§ **What to work on**
Begin at the line that has "kitchen featuring white", stop after the line that has "kitchen featuring light", and print exactly those lines from the records below, without any pictures.

* * *

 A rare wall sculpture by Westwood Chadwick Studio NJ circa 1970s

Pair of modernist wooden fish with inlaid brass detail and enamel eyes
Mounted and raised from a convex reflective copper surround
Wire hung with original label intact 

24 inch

* * *

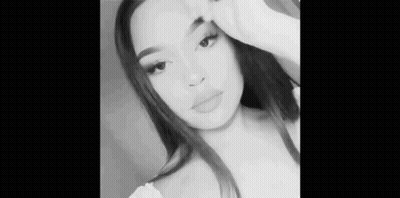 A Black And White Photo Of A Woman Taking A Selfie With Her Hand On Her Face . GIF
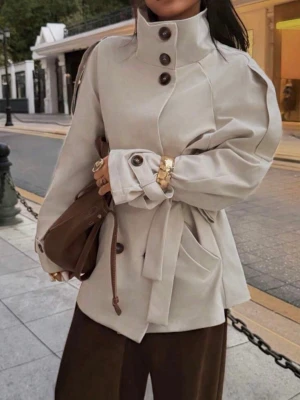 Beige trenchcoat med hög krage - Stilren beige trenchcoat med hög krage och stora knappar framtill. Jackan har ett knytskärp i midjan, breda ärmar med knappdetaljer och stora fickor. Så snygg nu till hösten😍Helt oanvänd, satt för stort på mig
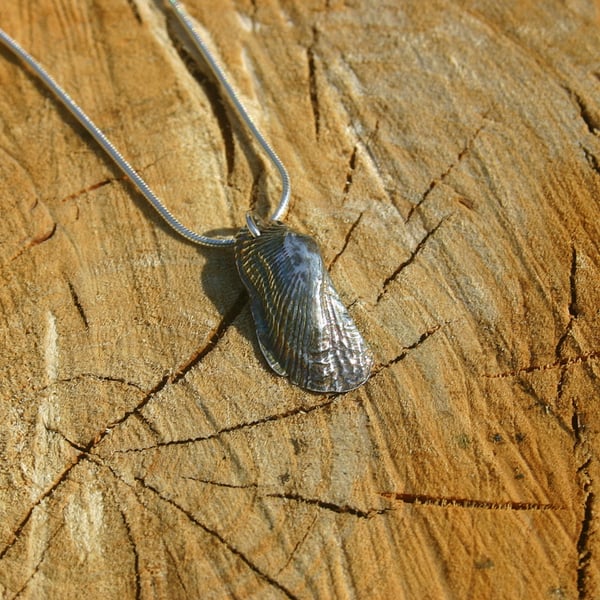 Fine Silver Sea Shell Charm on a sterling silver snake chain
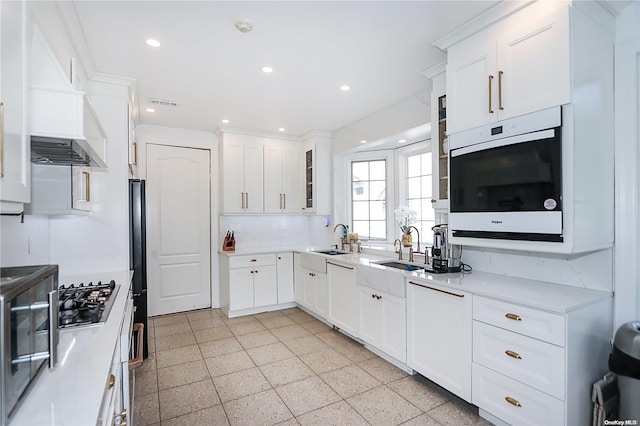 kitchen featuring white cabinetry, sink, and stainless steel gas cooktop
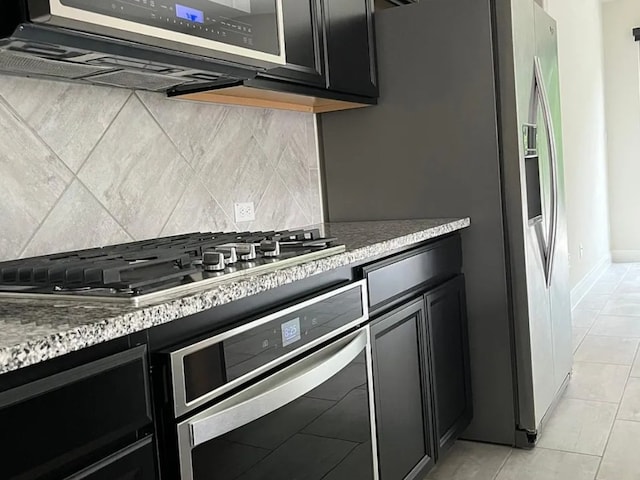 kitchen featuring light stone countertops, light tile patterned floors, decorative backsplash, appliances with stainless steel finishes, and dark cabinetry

* * *

§ **Answer box**
 kitchen featuring white cabinetry, sink, and stainless steel gas cooktop
 kitchen featuring light stone countertops, light tile patterned floors, decorative backsplash, appliances with stainless steel finishes, and dark cabinetry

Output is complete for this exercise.